While some growers have reported receiving intimidating cease-and-desist letters from the state, and those with expired licenses technically cannot continue to grow or sell cannabis in the regulated marketplace, officials have informally said that they will not shut down operators who have demonstrated compliance with local regulations and have applied for annual or provisional state licenses.

Of course, such cold comfort from regulators means little to cultivators like Sunshine Johnston, owner and lead farmer of Sunboldt Grown, who dry farms 10,000 square feet of cannabis in Redcrest, California, in Humboldt County.

“The concern, really, is just not being able to make bail,” she said wryly. “I don’t know that it’s so much about people losing their farms. It’s really to do with farmers going to the [illicit] market, which is always an option unless you’re in track and trace. I don’t think it’s as much about losing farms as it is about getting these businesses going and functioning in that direction. The longer that farmers stay on the [illicit] market, the longer they delay their business development.”
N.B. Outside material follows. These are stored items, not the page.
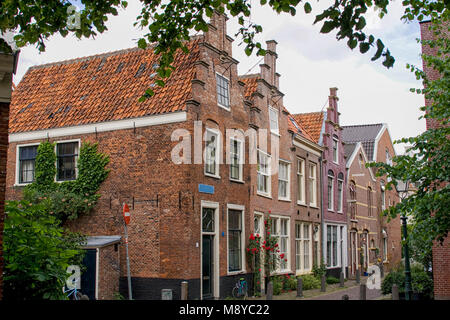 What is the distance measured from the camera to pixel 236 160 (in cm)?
2191

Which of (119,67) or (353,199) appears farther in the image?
(353,199)

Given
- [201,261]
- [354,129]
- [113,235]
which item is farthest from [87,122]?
[354,129]

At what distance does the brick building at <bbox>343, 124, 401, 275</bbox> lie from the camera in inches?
1401

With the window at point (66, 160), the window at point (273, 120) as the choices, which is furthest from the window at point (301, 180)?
the window at point (66, 160)

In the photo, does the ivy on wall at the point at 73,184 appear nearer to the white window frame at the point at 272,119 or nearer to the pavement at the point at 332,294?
the pavement at the point at 332,294

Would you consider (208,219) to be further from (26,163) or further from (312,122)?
(312,122)

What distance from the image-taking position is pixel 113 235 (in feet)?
64.0

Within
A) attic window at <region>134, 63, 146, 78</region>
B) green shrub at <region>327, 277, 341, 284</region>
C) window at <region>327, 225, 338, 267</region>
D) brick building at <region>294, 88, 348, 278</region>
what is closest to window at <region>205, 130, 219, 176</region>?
attic window at <region>134, 63, 146, 78</region>

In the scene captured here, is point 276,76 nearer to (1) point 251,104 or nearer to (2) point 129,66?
(1) point 251,104

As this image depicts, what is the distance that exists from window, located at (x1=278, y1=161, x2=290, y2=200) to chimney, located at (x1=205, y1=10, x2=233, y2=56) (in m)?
6.89

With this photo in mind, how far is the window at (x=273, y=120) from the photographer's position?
2541 cm

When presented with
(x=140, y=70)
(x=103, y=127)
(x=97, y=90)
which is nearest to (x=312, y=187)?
(x=140, y=70)

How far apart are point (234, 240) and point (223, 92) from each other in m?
5.90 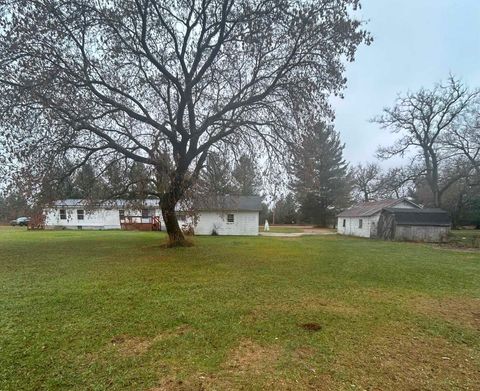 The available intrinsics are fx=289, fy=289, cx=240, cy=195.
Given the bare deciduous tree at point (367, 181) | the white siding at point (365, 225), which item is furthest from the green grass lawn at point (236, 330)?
the bare deciduous tree at point (367, 181)

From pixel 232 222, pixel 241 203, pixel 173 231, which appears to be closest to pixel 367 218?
pixel 241 203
Johnston herself is awaiting her farm’s annual permit. She has her county permit,
so does not need a provisional license, though until she has an annual license in hand she fears “what they might do is tell me I couldn’t plant. August 1 is the very, very latest that you can plant and still get a harvest to get to market by November 1 at the earliest.”

She adds that the uncertainty is leading to unintended consequences, including farmers selling out to the lumber rush in desperation.

“It’s opened up a whole new environmental catastrophe. The lumber prices are up, so people are cutting their trees. It’s a lot easier to cut trees than to put in a ganja farm. Farms that don’t have permits or commit violations face huge bills for environment violations (for illegal grading or stream diversions for irrigation, etc.). I think a lot of trees are getting cut this summer.”

That such a fundamental regulatory function still faces such significant challenges further indication of the state’s overall lack of readiness for establishing and regulating the world’s largest cannabis consumer market. It also serves as a cautionary reminder to keep the industry from getting out ahead of a new market’s regulations, and for policymakers to keep the process as simple and clearly communicated as possible.